Home » ‘Floods Have Washed Away Entire Villages’: Kenya’s Rains Made Twice as Intense by Climate Change
Climate Climate Change Global News Kenya News

‘Floods Have Washed Away Entire Villages’: Kenya’s Rains Made Twice as Intense by Climate Change

There is no end in sight for the extreme weather.

Kenya’s military has stepped up efforts to evacuate hundreds of people trapped by raging floods. Hundreds of people have died and millions more have been affected since the rains began in October.

Just last week scientists confirmed that human-caused climate change has made the rain up to two times more intense.
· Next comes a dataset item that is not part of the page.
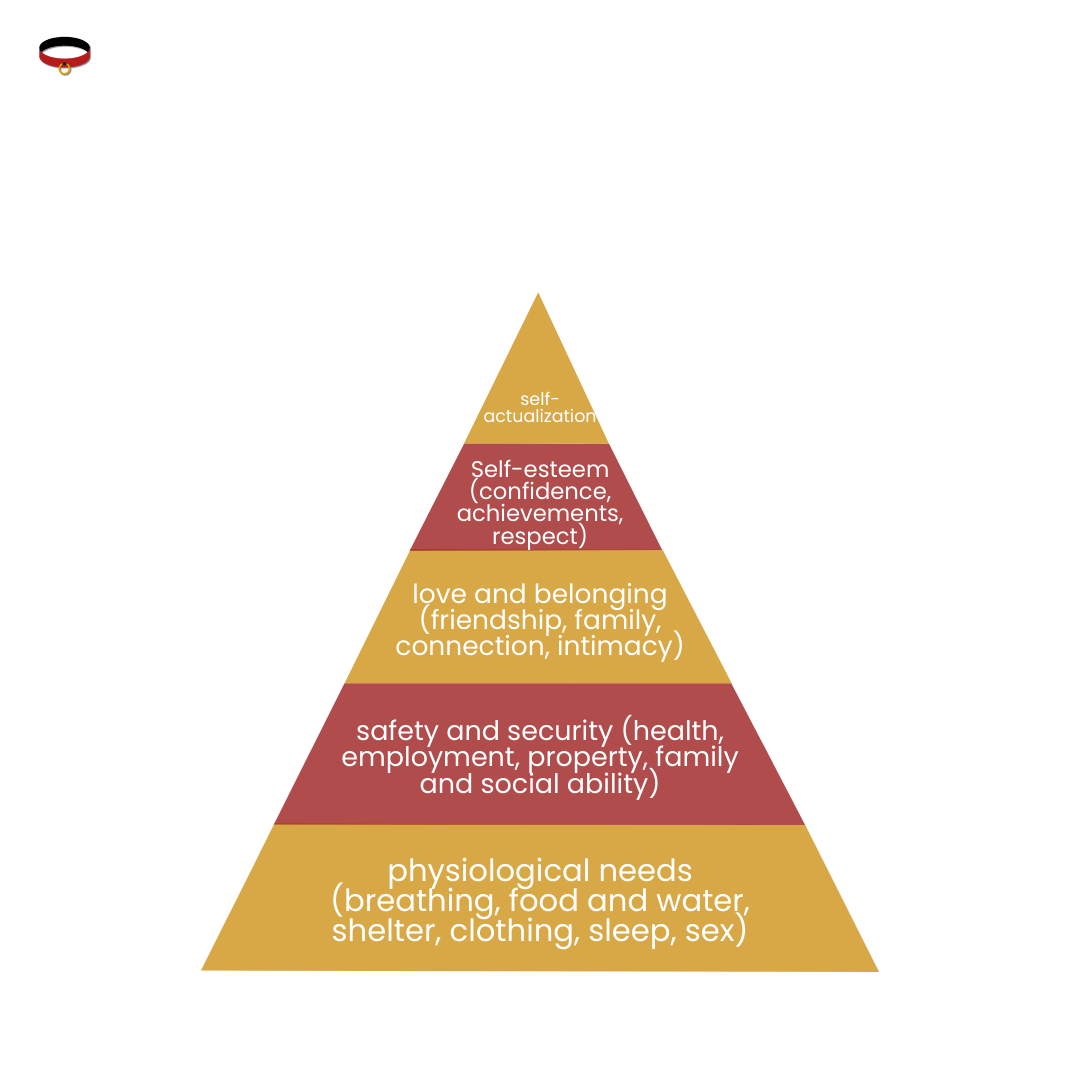 5-level pyramid illustrating Maslow's Hierarchy of Needs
Joyce Kimutai, principal meteorologist at the Kenya Meteorological Department and lead author of the World Weather Attribution study, said the findings stress the dangers of continually warming the planet and the need for humanity to cut down emissions as “whatever we’re doing is definitely not on track.”

“What the planet is telling us is that ‘You’re continually warming me, and there’s no way I can dispel that heat other than to increase in the way the atmosphere behaves,’” said Kimutai, who is also a researcher at Imperial College London.

An aerial view shows a flooded area in Mandera County,Kenya, Wednesday, Dec. 13, 2023.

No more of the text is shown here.